→ **INSTRUCTIONS FOR THE TASK**: Return the lines of the material below exactly, beginning with the line that has "Houston shooting near" in it and finishing with the line that has "6700 N Charleston Drive — photo 11" in it. Leave all pictures aside.

→ **MATERIAL FOR THE TASK**:
= = = = = = =

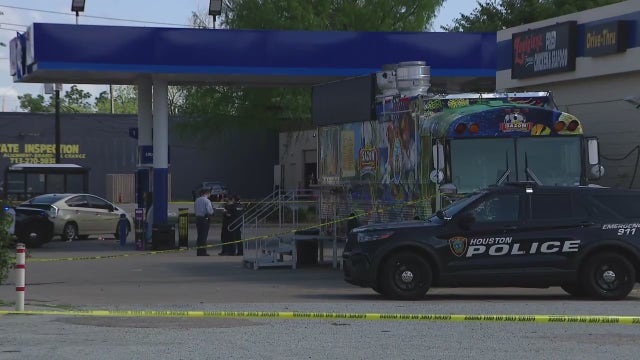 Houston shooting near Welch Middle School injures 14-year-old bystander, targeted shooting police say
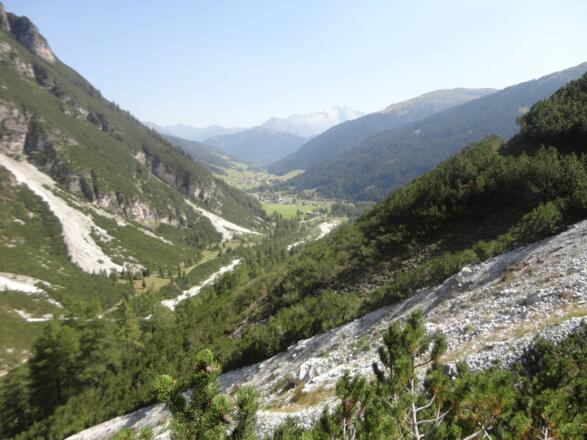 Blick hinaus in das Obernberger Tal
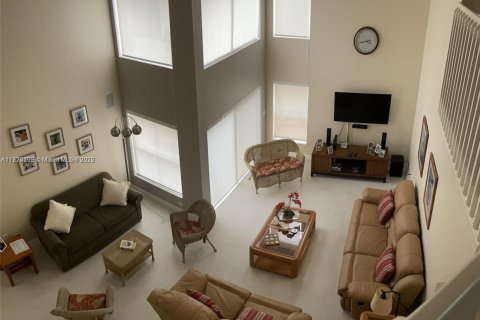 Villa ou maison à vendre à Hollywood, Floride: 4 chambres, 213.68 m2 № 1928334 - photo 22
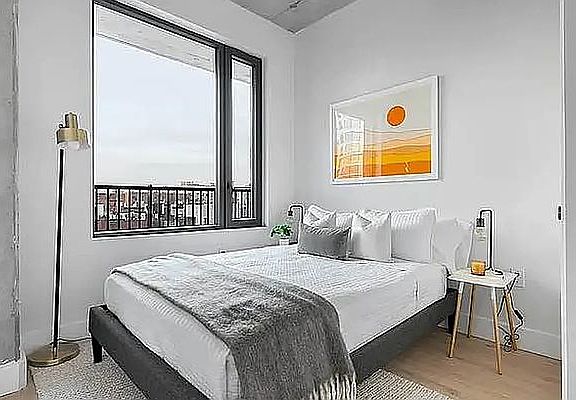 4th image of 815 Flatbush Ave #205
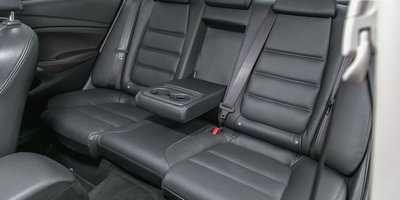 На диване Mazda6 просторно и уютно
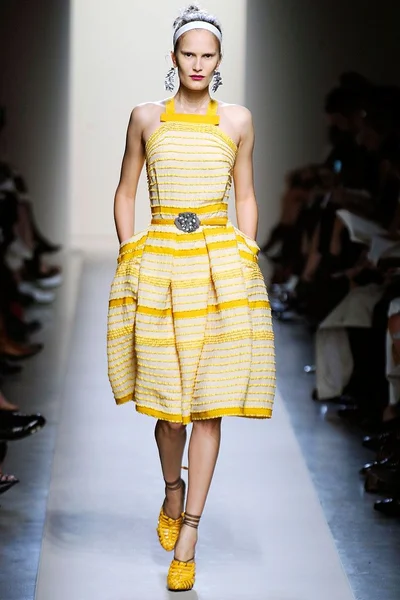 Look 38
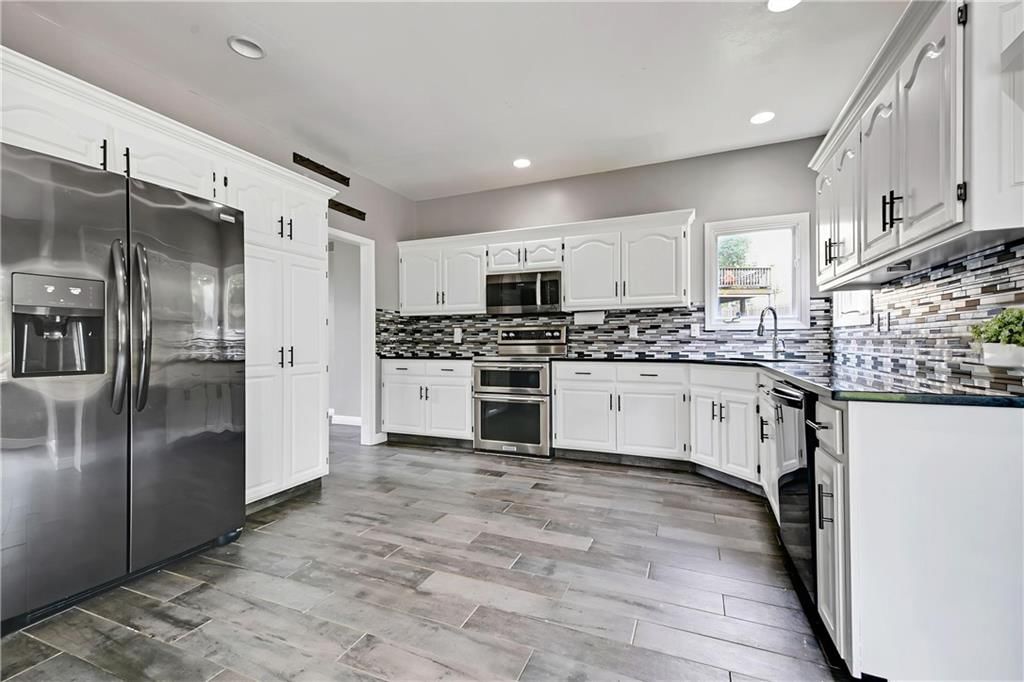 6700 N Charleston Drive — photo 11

= = = = = = =

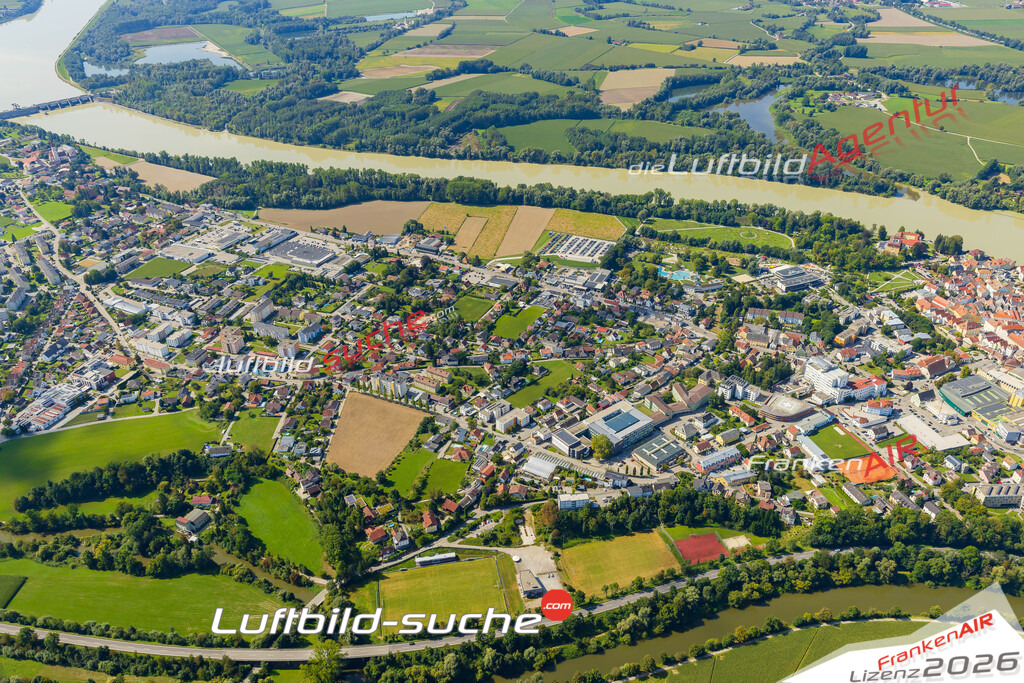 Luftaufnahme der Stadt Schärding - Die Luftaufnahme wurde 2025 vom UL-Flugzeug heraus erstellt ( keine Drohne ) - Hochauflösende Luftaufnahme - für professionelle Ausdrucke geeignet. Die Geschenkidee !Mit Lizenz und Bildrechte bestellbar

= = = = = = =

→ **SOLUTION FOR THIS PROBLEM**:
 Houston shooting near Welch Middle School injures 14-year-old bystander, targeted shooting police say
 Blick hinaus in das Obernberger Tal
 Villa ou maison à vendre à Hollywood, Floride: 4 chambres, 213.68 m2 № 1928334 - photo 22
 4th image of 815 Flatbush Ave #205
 На диване Mazda6 просторно и уютно
 Look 38
 6700 N Charleston Drive — photo 11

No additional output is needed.